## Problem to work on
Exactly as written, copy every line from the one containing "Bolu Dağı’nda Kartpostallık Görüntüler" through the end of the records, with the pictures left out.
***** Provided entries *****
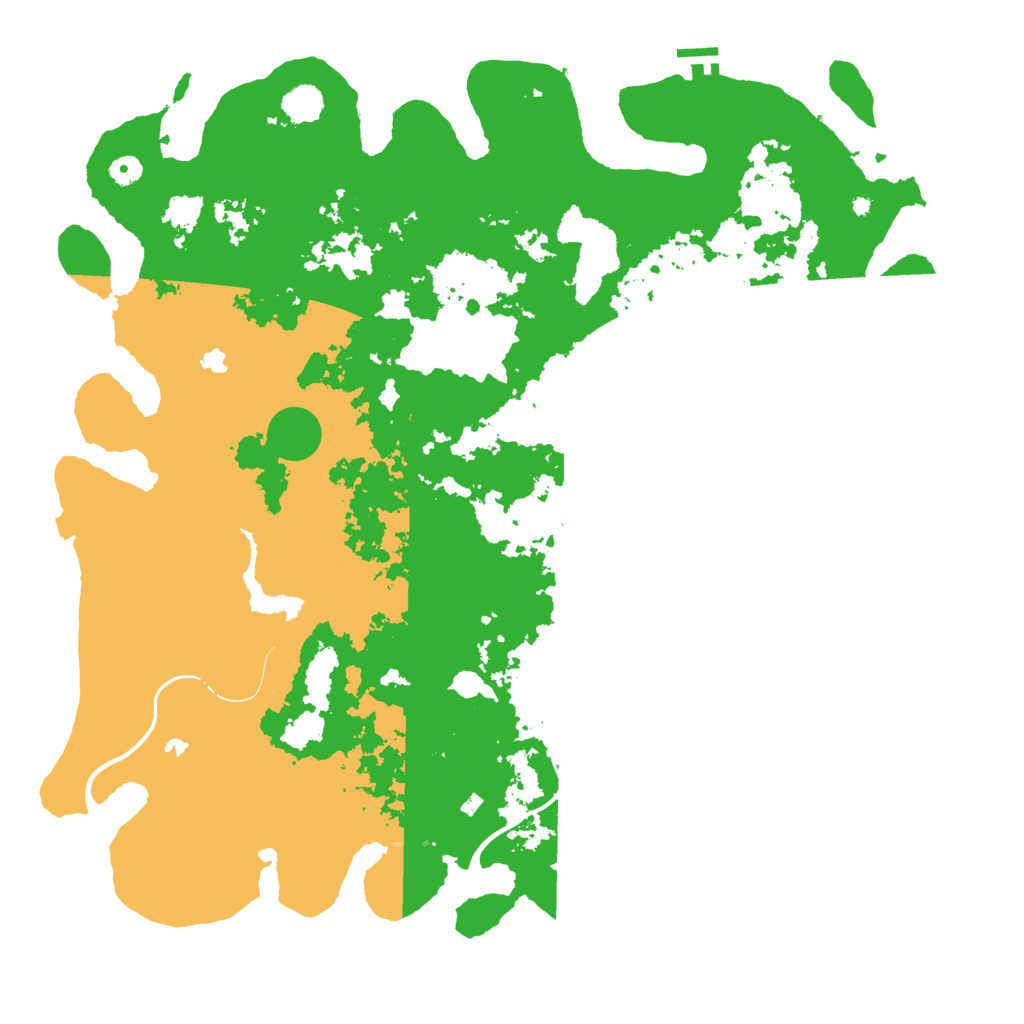 Biome Rust Map: Procedural Map, Size: 5000, Seed: 1992606749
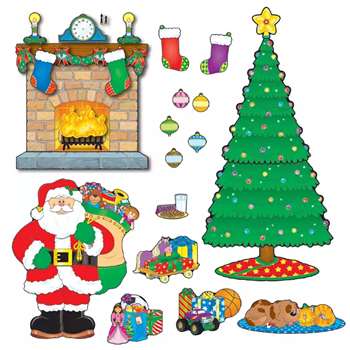 Christmas Scene Bulletin Board Set By Carson Dellosa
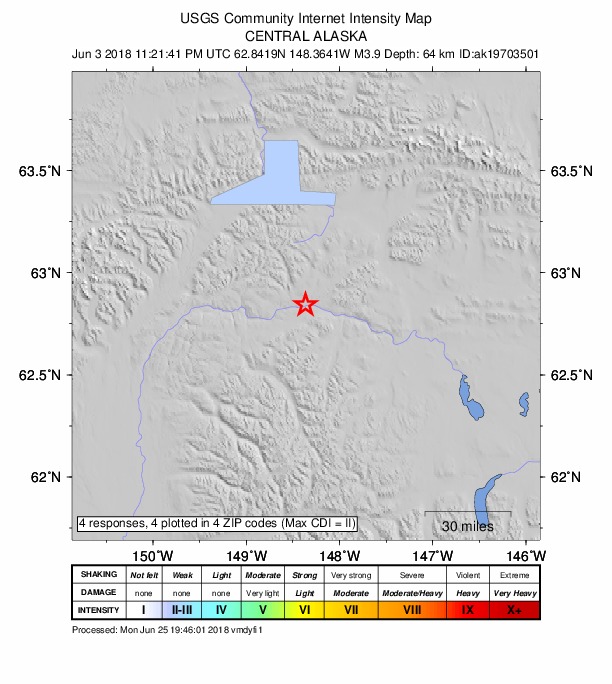 Did You Feel It? map: shaking reported by the public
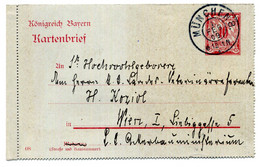 1.02.09 Biglietto Postale Per WIEN I, Da MUNCHEN - Otros & Sin Clasificación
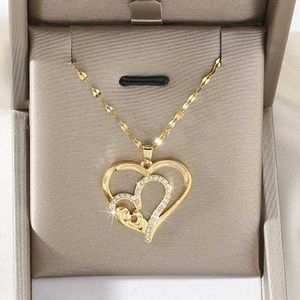 Collane Classic Love Mother Children's MOM Collana con ciondolo a catena Collana da donna Accessori per gioielli in rame Regalo per feste G220524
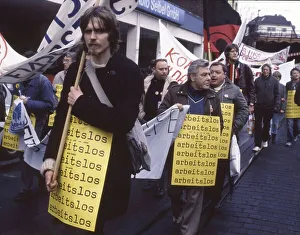 Cologne Demonstration of ZAK on 22 11 1986 against unemployment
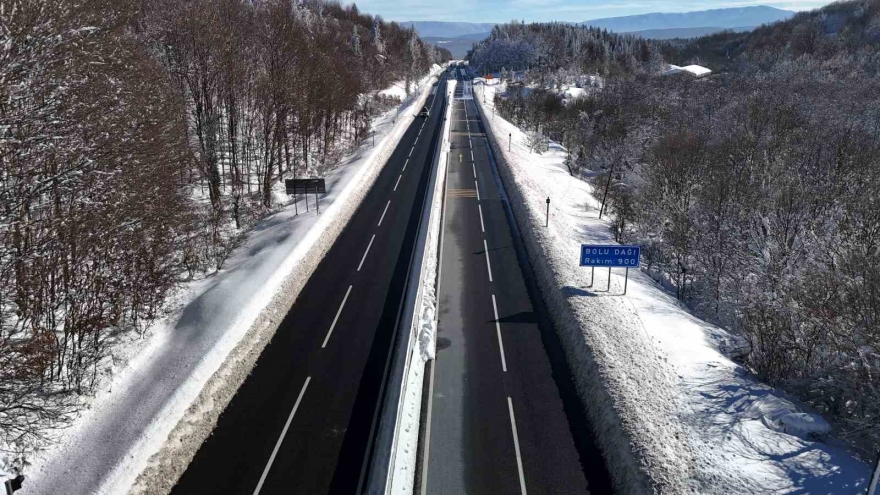 Bolu Dağı’nda Kartpostallık Görüntüler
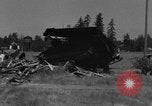 Image of tank damages old building Fort Lewis Washington USA, 1930, second 49 stock footage video 65675046578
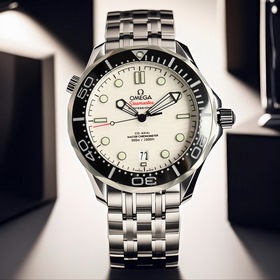 Серия Omega Seamaster 300M, с усовершенствованными деталями, таки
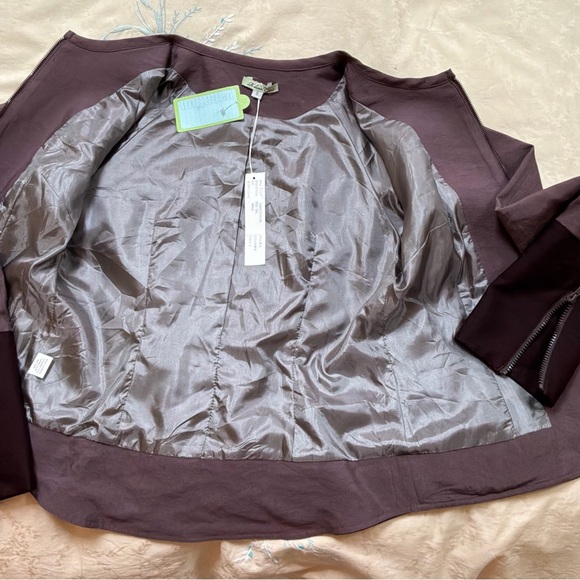 Two-Tone Zip-Up Jacket - Picture 5 of 7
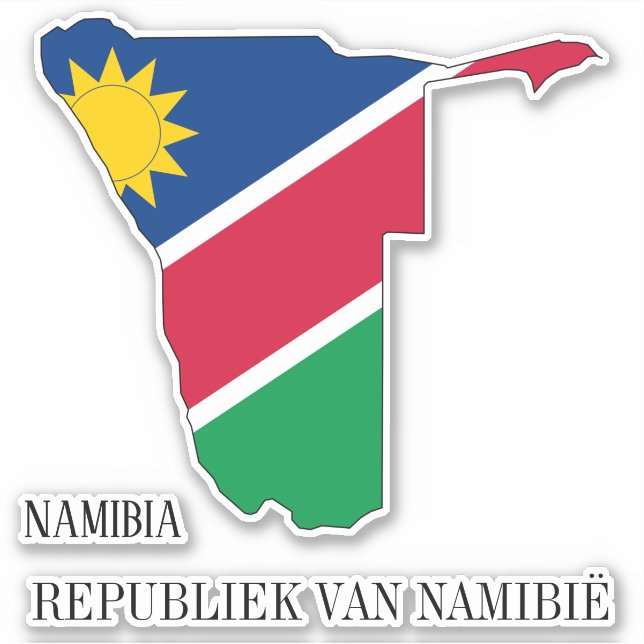 Namibia Flag Map Patriotic (Front)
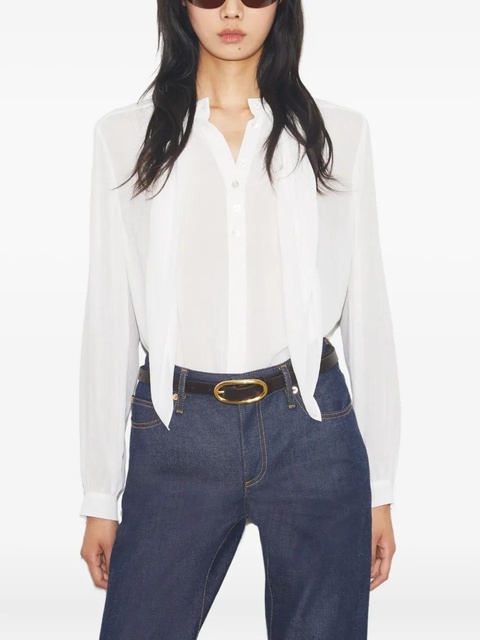 Tory Burch Georgette bow-detail shirt - White - zdjęcie produktu nr 2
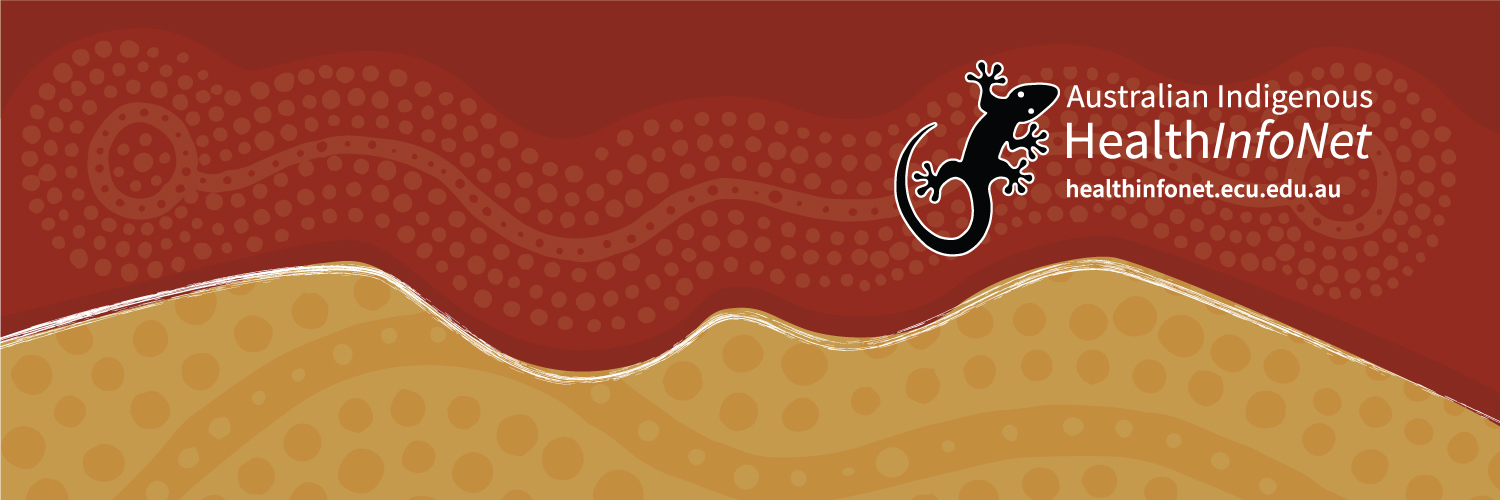Australian Indigenous HealthInfoNet banner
*****
## Your solution
 Bolu Dağı’nda Kartpostallık Görüntüler
 Image of tank damages old building Fort Lewis Washington USA, 1930, second 49 stock footage video 65675046578
 Серия Omega Seamaster 300M, с усовершенствованными деталями, таки
 Two-Tone Zip-Up Jacket - Picture 5 of 7
 Namibia Flag Map Patriotic (Front)
 Tory Burch Georgette bow-detail shirt - White - zdjęcie produktu nr 2
Australian Indigenous HealthInfoNet banner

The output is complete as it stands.